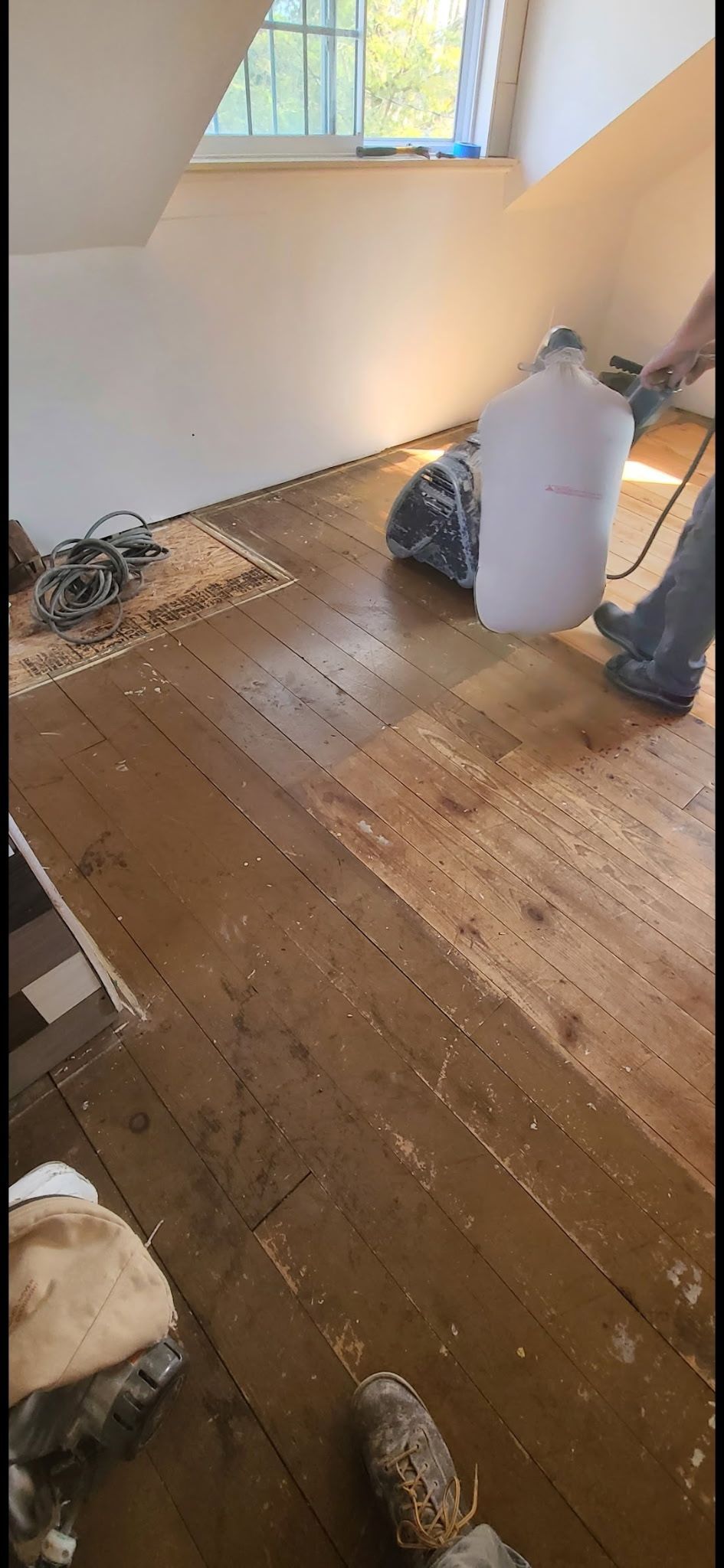 A person uses a floor sander on old wooden floorboards in a room with a sloped ceiling and window.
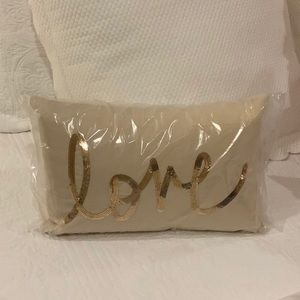Love pillow with embroidered gold sequins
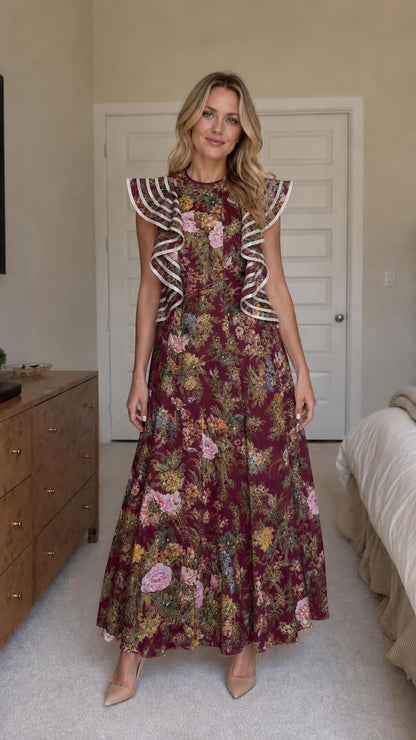 Woman wearing burgundy floral ruffle maxi dress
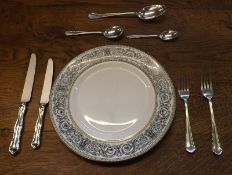 An 20th Century composite 6 person x 7 piece table setting of Dubarry variant cutlery. Comprising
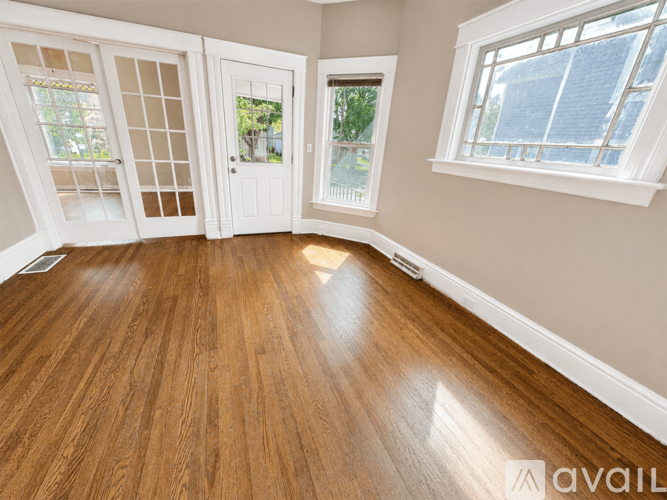 A room with wooden floors and white walls.
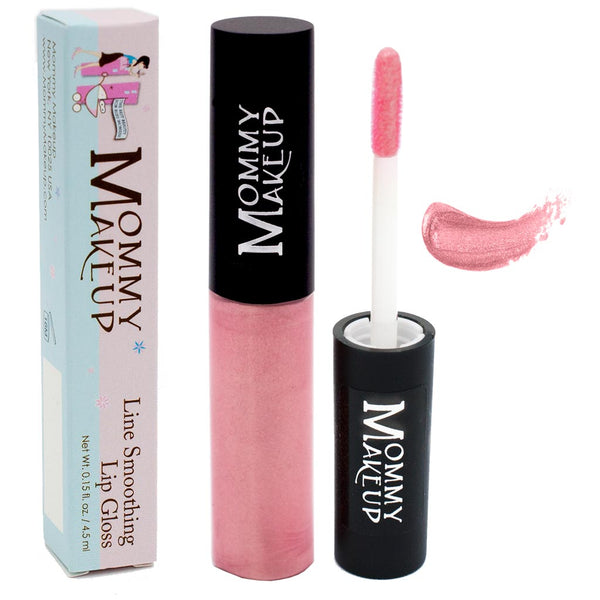Mommy Makeup Line Smoothing Lip Gloss in Pinkalicious inside a sleek clear tube resting on a textured travertine surface.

━━━━━━━━

What to work on:
The line that contains "Love pillow with embroidered gold sequins" begins the part to retype, and the last line of the records above ends it. Retype both and everything between, exactly, without the pictures.

Finished exercise:
Love pillow with embroidered gold sequins
 Woman wearing burgundy floral ruffle maxi dress
 An 20th Century composite 6 person x 7 piece table setting of Dubarry variant cutlery. Comprising
 A room with wooden floors and white walls.
Mommy Makeup Line Smoothing Lip Gloss in Pinkalicious inside a sleek clear tube resting on a textured travertine surface.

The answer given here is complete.